Tribuna

José Joaquín Fernández Alles

El derecho a la última palabra

El derecho a la última palabra

El derecho a la última palabra

Recientemente, los parlamentarios Connolly y Molina presentaron una proposición de ley en el Congreso de los EE.UU. destinada a promover que todos los niveles de gobierno puedan trabajar aún con mayor eficacia y lealtad. Se trata de un dato que no sería de interés para España si no fuera porque los dos diputados son de partidos distintos –el primero del Partido Demócrata, y el segundo del Partido Republicano– y porque esta práctica de leyes bipartidistas presentadas orgullosamente de forma conjunta por los dos partidos mayoritarios (bipartisan laws) es habitual en los Estados con un parlamentarismo avanzado. Incluso en el actual contexto de crisis política y polarización ideológica, en EE.UU. se han aprobado en menos de 3 años (2021-2023) casi 400 leyes bipartidistas federales (más miles de leyes bipartidistas estatales), normas que lideran las iniciativas políticas y el espacio público.

Desafortunadamente, la realidad española va por el camino contrario. Abandonada a lo que Linz analizó bajo el título de la “quiebra de las democracias” y, posteriormente, Acemoglu y Robinson explicaron bajo la pregunta de “¿por qué fracasan los países?”, los españoles soportamos el inaceptable espectáculo que supone la admisión a trámite de una proposición de ley redactada en un edificio particular a las afueras de Bruselas, enmendada en Ginebra, supervisada por una entidad privada extranjera y concebida, cual caballo de Troya, para destruir la convivencia.

Asumiendo unos y defendiendo otros la irremediable aprobación de tan fraudulenta proposición de ley de orgánica (aparentemente no vulnera la letra de la CE pero sí la totalidad de sus principios y valores superiores), son muchos quienes en esta fase de cansancio sobre la amnistía, ya se encomiendan a la decisión última del TC, supremo intérprete de la CE que resolvería la cuestión en un sentido u otro –anulando la ley o avalándola–, pero en cualquier caso permitiendo recuperar la normalidad y pasar página. Se trata de un planteamiento incorrecto.

Por una parte, debe tenerse en cuenta que, cuando el TC enjuicia una ley no es que pueda, sino que debe realizar todos los esfuerzos para declarar la constitucionalidad de esa ley y establecer a tal fin una interpretación ajustada a la norma suprema. Como afirma el propio TC, en el ejercicio de su función jurisdiccional es necesario apurar todas las posibilidades de interpretación de los preceptos de la ley de conformidad con la CE y declarar tan solo la derogación de aquellos cuya incompatibilidad con ella resulte indudable por ser imposible llevar a cabo dicha interpretación. Se trata del denominado “principio de interpretación conforme”, que en su caso puede conducir a calificar una resolución como “una sentencia interpretativa”: su fallo resolvería no anular la ley en la medida en que pudiera ser interpretada de un modo determinado. El TC ni anularía la ley ni avalaría la interpretación literal de la ley.

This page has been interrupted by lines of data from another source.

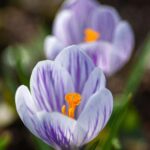 yoksel-zok-DNCJCOmTrZs-unsplash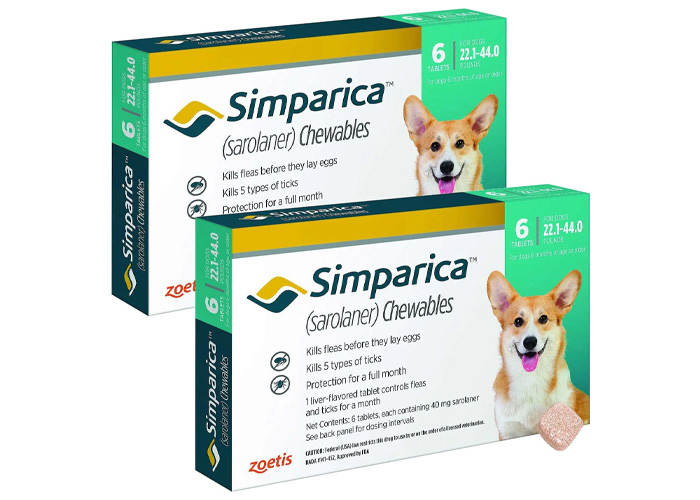 Best 8 Flea Medication for Dogs: Vet Approved Selection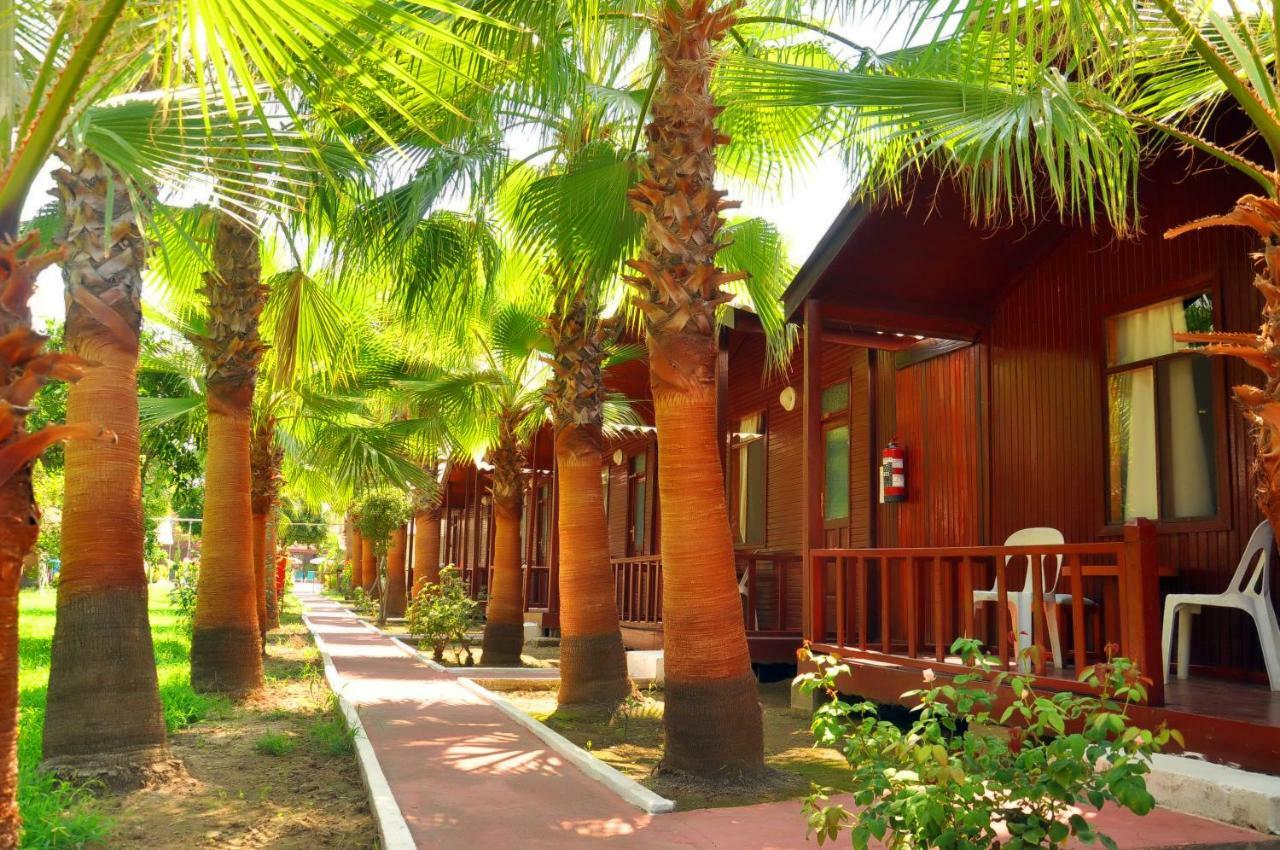 Dream Park Bungalow Titreyengol Εξωτερικό φωτογραφία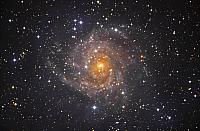 IC 342 , la "Galassia Nascosta"
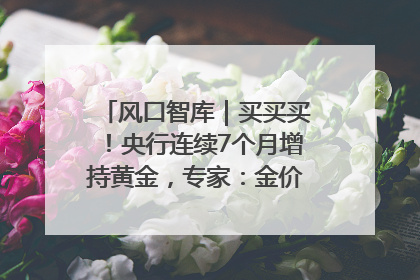 风口智库｜买买买！央行连续7个月增持黄金，专家：金价或仍易涨难跌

Por otra parte, en el caso de la ley de amnistía, la intervención del TC nace ya muy condicionada, tanto si la ley se derogara antes de dictarse la sentencia (el procedimiento perdería su objeto), como si la ley se derogara después, y en este caso por dos razones: a) porque una sentencia de constitucionalidad sólo sería posible a través de una nueva interpretación del ya sólido concepto jurisprudencial de amnistía, flexibilizando sus requisitos (operación excepcional, nuevo orden político, rechazo del orden anterior…), lo cual allanaría el camino a la previsible ley de derogación y a futuras leyes de amnistía; y b) porque el criterio de interpretación sociológica –imprescindible en toda interpretación jurisprudencial evolutiva– no podrá obviar que la norma ha concitado el rechazo manifiesto de una parte del pueblo soberano y de instituciones representativas (Senado, Parlamentos Autonómicos, Entes Locales…).

A esas dos razones, se une el principio según el cual, como explicaron los maestros Müller y Hesse o, entre nosotros, García de Enterría, en el ámbito de las mutaciones constitucionales o de las interpretaciones evolutivas del TC, la última palabra no la tiene el legislador ni el propio TC, sino el poder correctivo del pueblo soberano como titular del poder constituyente o como sujeto representado en las Cortes Generales, quien siempre puede asentir o revocar lo que determine el TC.

En síntesis, además de estar muy limitado por sus normas decisorias (proceso lógico-jurídico, razonabilidad, criterios de interpretación jurídica, doctrina con vocación de estabilidad, autocontención...), como poder constituido que es, el TC no participa de “la soberanía” y, por consiguiente, no puede impedir el derecho a la última palabra del pueblo español a través de una futura ley de derogación de la amnistía.